The West Center should be a better place to live if it looks like a home, she pointed out. “In a home, you know where the kitchen is and what it’s for,” Farris said. “Food doesn’t just magically appear on a tray someone sets in front of you. You get brain cues from the smell of food and the rattle of pots and pans and dishes. Seeing food dished up or dishing it up yourself alerts you to the fact that this is what eating is all about.”

The West Center is re-opening the first of five complexes, each with 12 to 15 residential apartments, in September.

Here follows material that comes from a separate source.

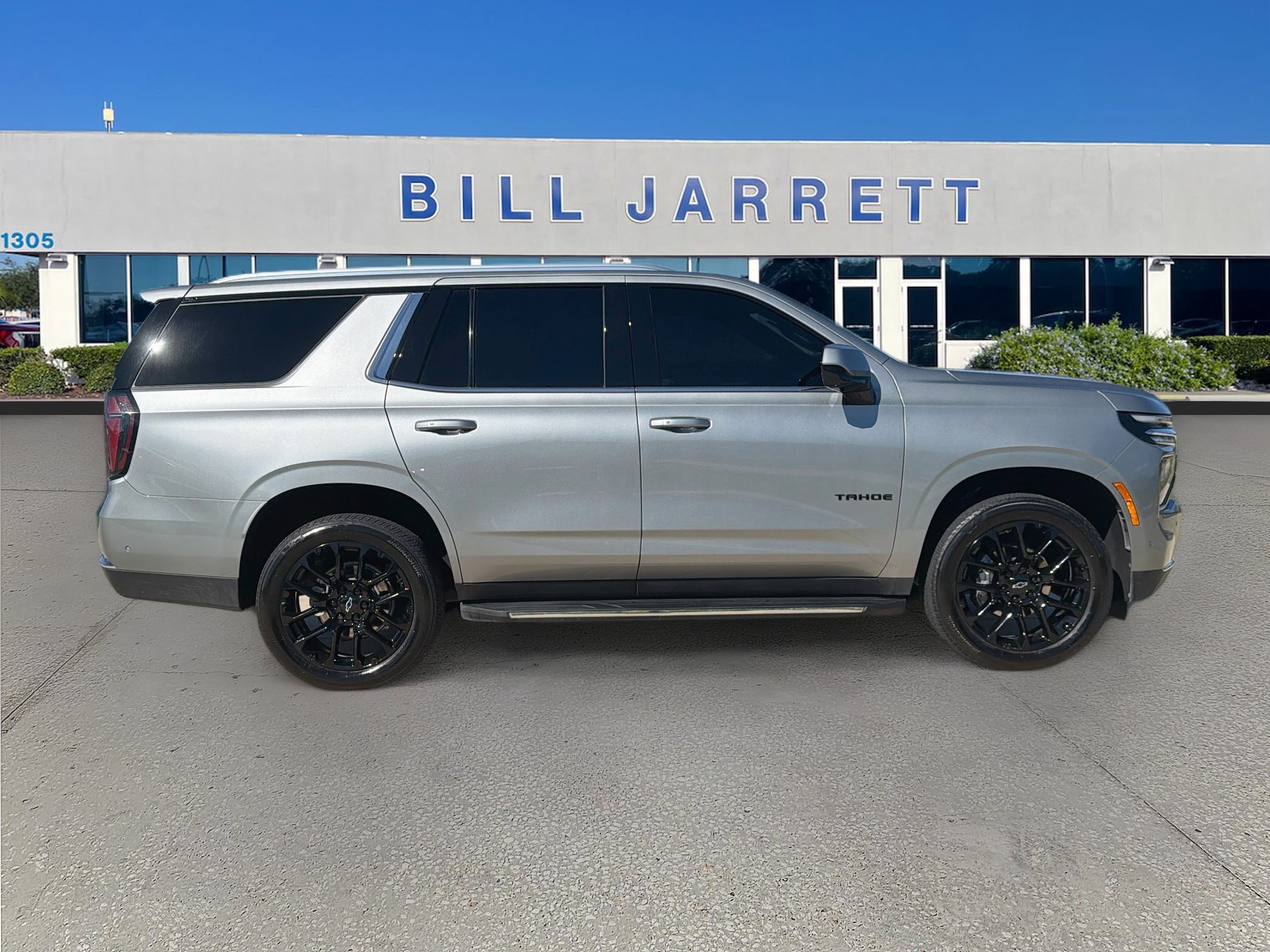 Used 2025 Chevrolet Tahoe LS AWD/4WD image 8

A total of 66 apartments offering graduated levels of nursing care are to be completed and phased back into service in the next year.

And with the more inviting living spaces will come “Music and Memory,” a program that uses iPods and digital music technology to bring personalized music into the lives of every resident and help those struggling with Alzheimer’s and other forms of dementia to reconnect with the world through music-triggered memories.

Also, an interactive, dementia-specific computer system should make safe and easy Internet access and email possible, improve socialization and communication with families and friends, enhance independence and increase cognitive stimulation, Farris said. The IN2L system, or “It’s Never 2 Late,” is loaded with games, music, travel and learning experiences geared to any level of functionality.

An estimated 5.3 million Americans now have Alzheimer’s disease, and the number is projected to grow as the size and proportion of the population 65 and older increases. By the year 2050, the number is projected to hit 13.8 million.

There will always be people who need in-patient care, but there is no way to provide that much care, Farris noted.

In a cooperative program led by the University of North Texas Health Science Center, Tarrant County Hospital District and United Way, the West Center will begin organizing classes and training programs to teach families and friends, emergency medical personnel, police, restaurant managers, attorneys, nurses, nursing students, medical students, store clerks and others how to use Humanitude care concepts to better understand, get along with and care for people with Alzheimer’s.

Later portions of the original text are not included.